- Film poster
- Directed by: Sam Raimi
- Written by: Sam Raimi Scott Spiegel
- Produced by: Sam Raimi Scott Spiegel
- Starring: Scott Spiegel Sam Raimi Bruce Campbell Ted Raimi
- Cinematography: Bruce Campbell John Cameron Mike Ditz Ted Raimi
- Distributed by: Sam Raimi
- Release date: 1978;
- Running time: 71 minutes
- Language: English

= It's Murder! =

It's Murder! is a 1978 amateur Super 8 crime comedy film directed by Sam Raimi while he was a student at Michigan State University. It was co-written and produced by Raimi and Scott Spiegel, and stars both Raimi and Spiegel alongside their frequent collaborator Bruce Campbell. Raimi's first feature-length film, it was screened publicly at both Groves High School and MSU, but was never distributed commercially.

== Plot ==
The film tells the story of a family whose uncle is murdered. The son (Sam Raimi) gets everything because he is in the will.

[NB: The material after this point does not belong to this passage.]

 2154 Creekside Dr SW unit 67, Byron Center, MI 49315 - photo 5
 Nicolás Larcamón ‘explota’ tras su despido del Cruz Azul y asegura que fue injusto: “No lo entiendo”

A detective (Scott Spiegel) is trying to find out who murdered the uncle while avoiding ending up dead as well.

==Cast==

- Scott Spiegel
- Sam Raimi
- Cheryl Guttridge
- Richard Smith
- Matt Taylor
- Bill Aaron
- Ted Raimi
- Bruce Campbell
- Ivan M. Raimi
- William E. Kirk
- Robert Tapert
- Tim Quill
- Jon Page
- Josh Becker
- Bill Ward
- Paul Krispin
- Clay Warnock
- Mike Ditz

==Production==
It's Murder! was mostly shot in the summer of 1977. In the fall, when much of the cast and crew had to go back to school, Campbell and Spiegel "wound up running around grabbing shots on weekends and sending them to Sam so he could cut them in." It was shot on Super 8 film with a budget of $2,000.

==Release==
It's Murder! was screened publicly at both Michigan State University and Wylie E. Groves High School in late 1978 and early 1979, but it was never distributed commercially. Raimi would refer to the film as "terrible" in a later interview, with the only other audience member during an initial screening walking out and leaving Raimi by himself, who stated that the experience "was a very sad forty minutes watching the rest of that movie, alone in that theater in the darkness, thinking I've got to make better movies than this because I can’t live like this. It’s too awful."